### Exercise brief
Give the data again exactly, without images.

### Records supplied
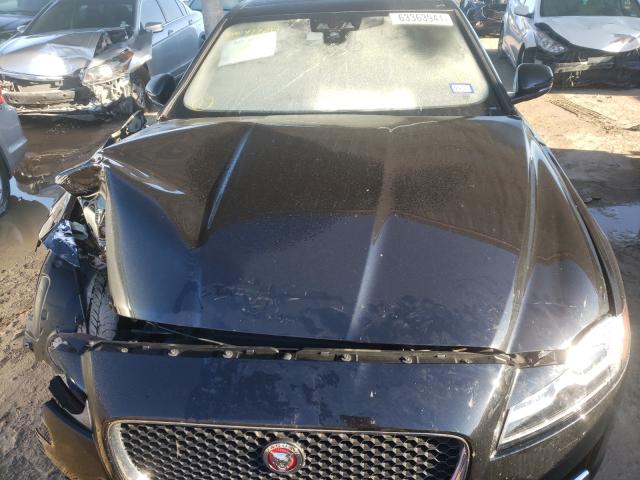2019 JAGUAR XF PREMIUM SAJBD4GX6KCY77294
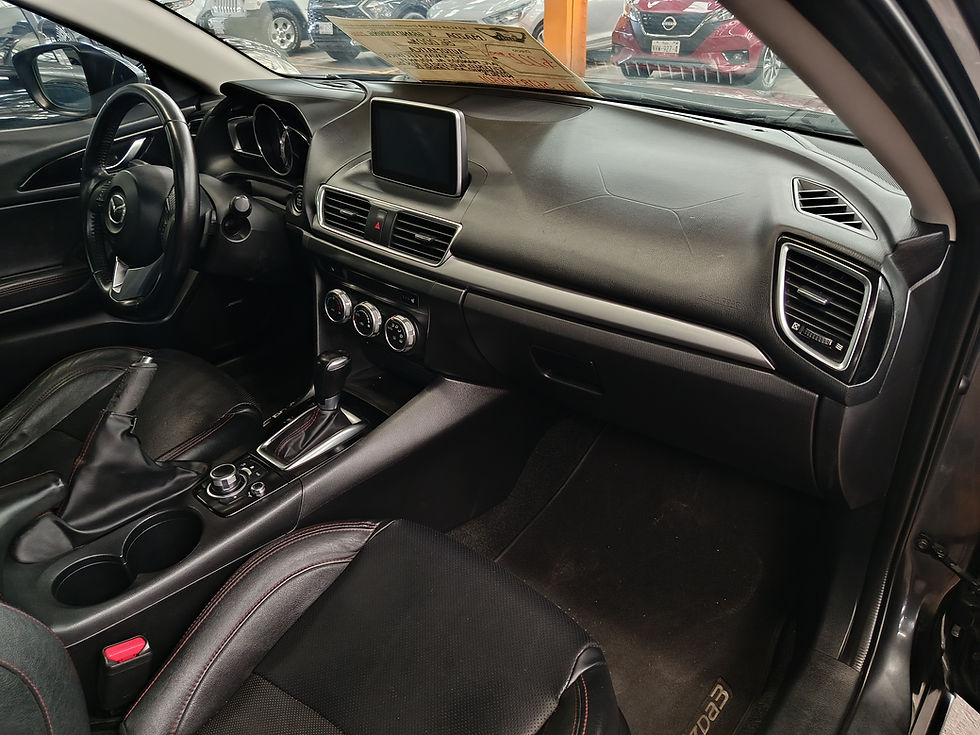 Miniatura: Mazda 3 Grand Touring 2016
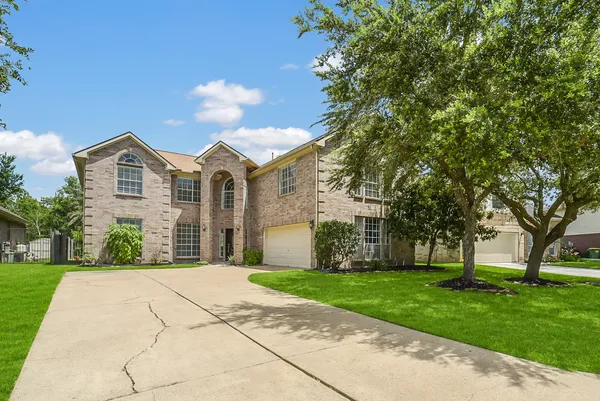 $500,000 | 2723 Sterling Fields Drive, Pearland, TX 77584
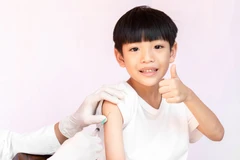 Paket Vaksin Meningitis (Formening 2 Tahun) + Influenza (Home Service) di Medizen Clinic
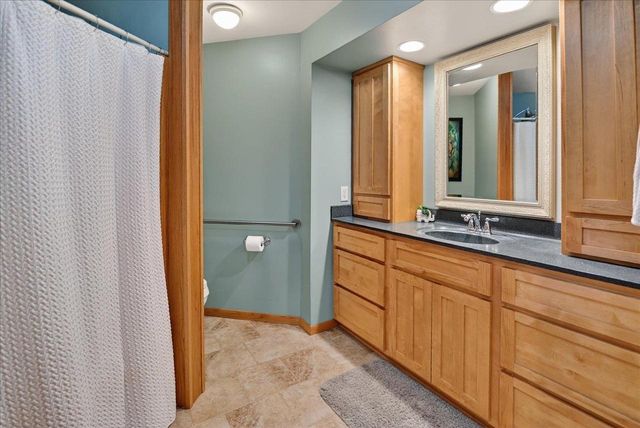 404 Sunset Court, Marshall, WI 53559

### Solution for this task
2019 JAGUAR XF PREMIUM SAJBD4GX6KCY77294
 Miniatura: Mazda 3 Grand Touring 2016
 $500,000 | 2723 Sterling Fields Drive, Pearland, TX 77584
 Paket Vaksin Meningitis (Formening 2 Tahun) + Influenza (Home Service) di Medizen Clinic
 404 Sunset Court, Marshall, WI 53559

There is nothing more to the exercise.